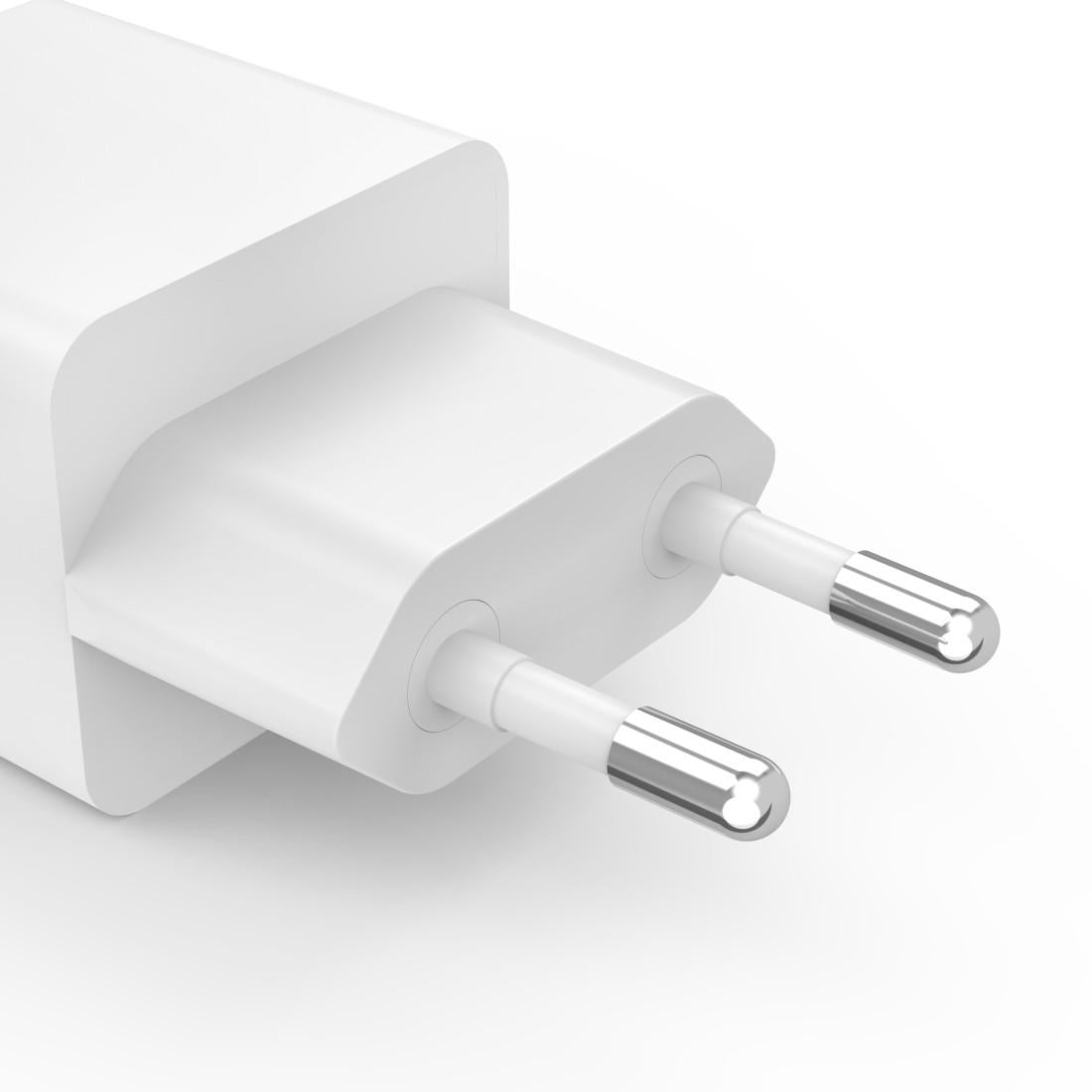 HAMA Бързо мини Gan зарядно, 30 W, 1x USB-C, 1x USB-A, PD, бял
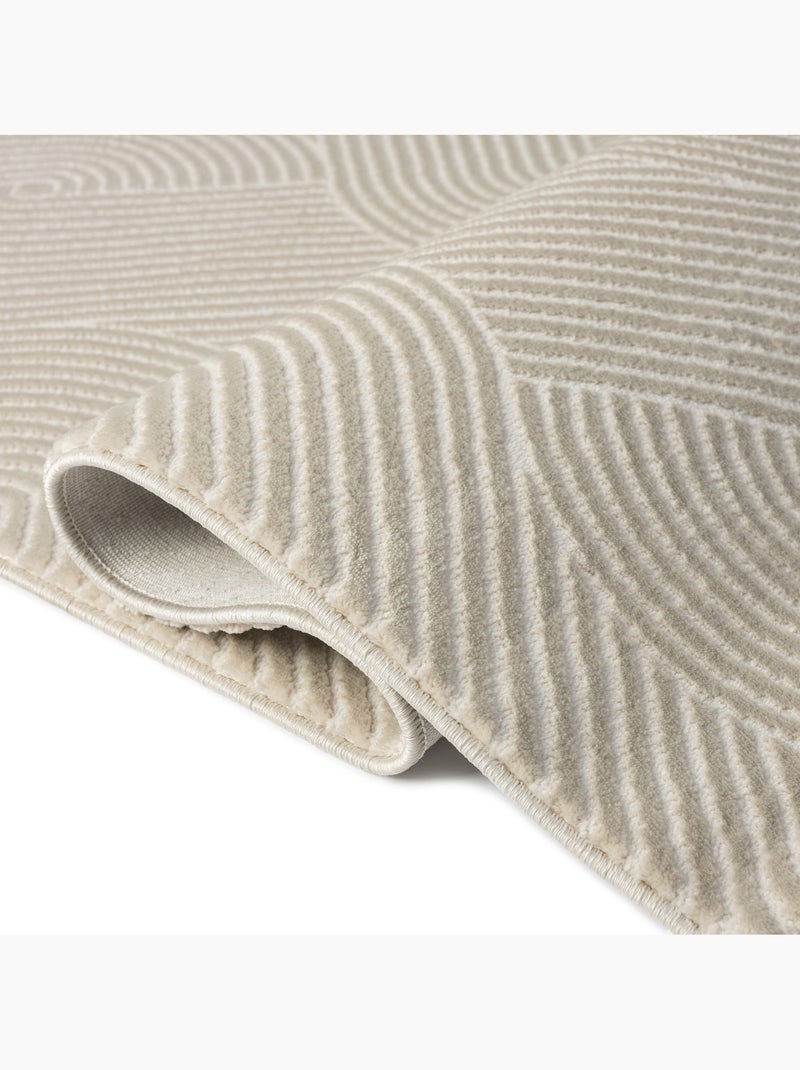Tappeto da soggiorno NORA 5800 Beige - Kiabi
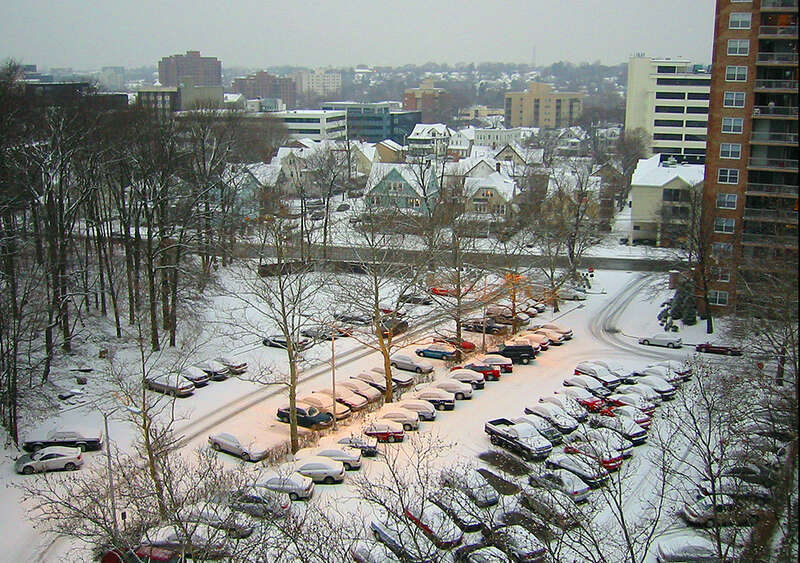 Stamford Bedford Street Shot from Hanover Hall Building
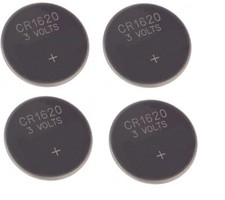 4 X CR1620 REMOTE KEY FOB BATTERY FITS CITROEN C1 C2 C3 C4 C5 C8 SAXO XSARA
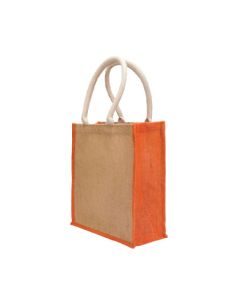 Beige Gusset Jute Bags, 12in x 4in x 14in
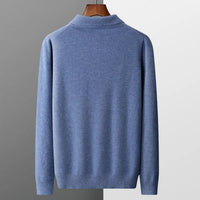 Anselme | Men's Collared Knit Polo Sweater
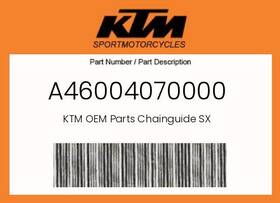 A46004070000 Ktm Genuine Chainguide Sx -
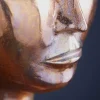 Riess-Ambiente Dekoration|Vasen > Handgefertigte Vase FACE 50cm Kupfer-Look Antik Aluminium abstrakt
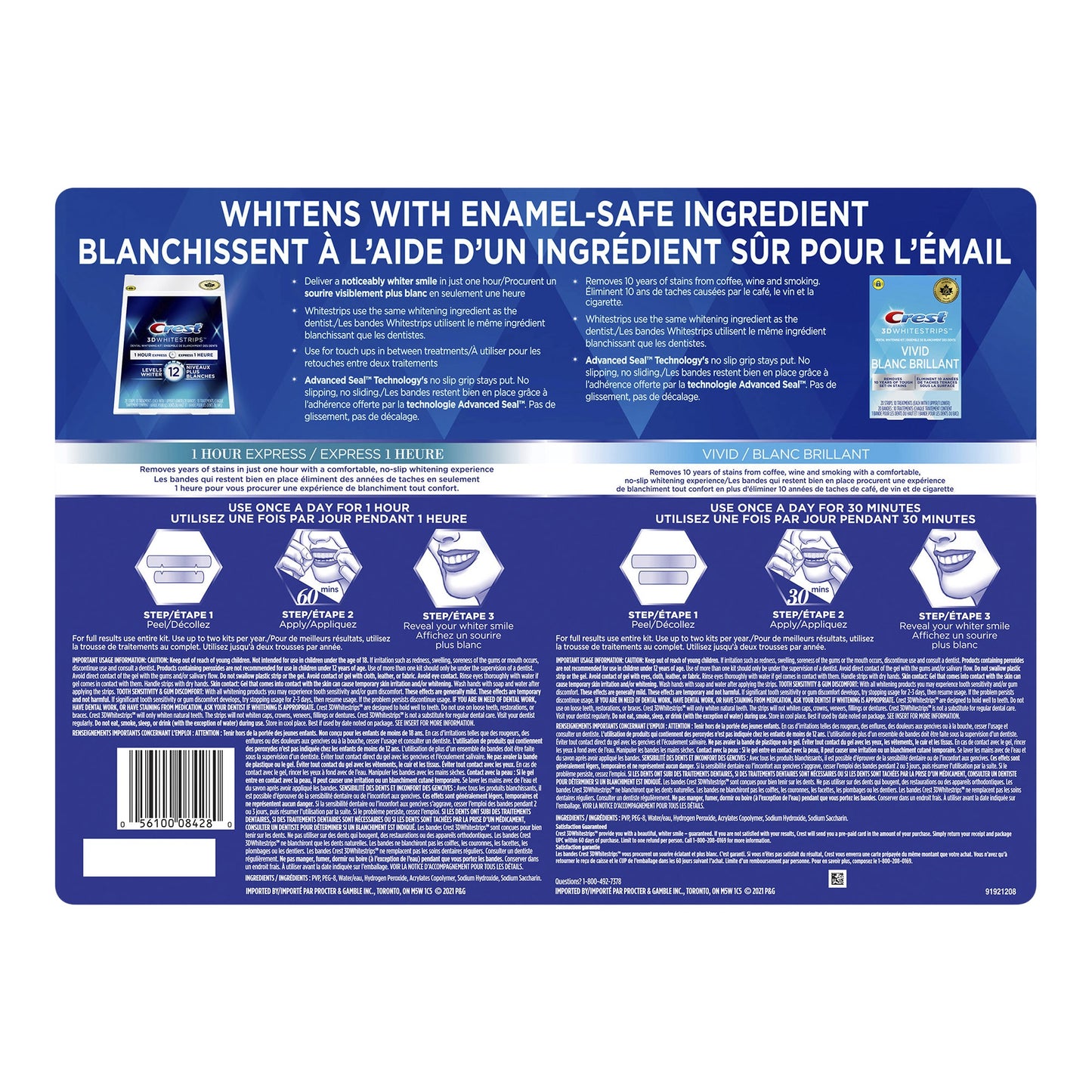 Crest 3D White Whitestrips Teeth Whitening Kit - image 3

(Exercise objective): Reproduce exactly the lines above from the one with "Riess-Ambiente Dekoration|Vasen >" through the last line of the data, keeping both ends and dropping the pictures.

(Output of the exercise):
 Riess-Ambiente Dekoration|Vasen > Handgefertigte Vase FACE 50cm Kupfer-Look Antik Aluminium abstrakt
 Crest 3D White Whitestrips Teeth Whitening Kit - image 3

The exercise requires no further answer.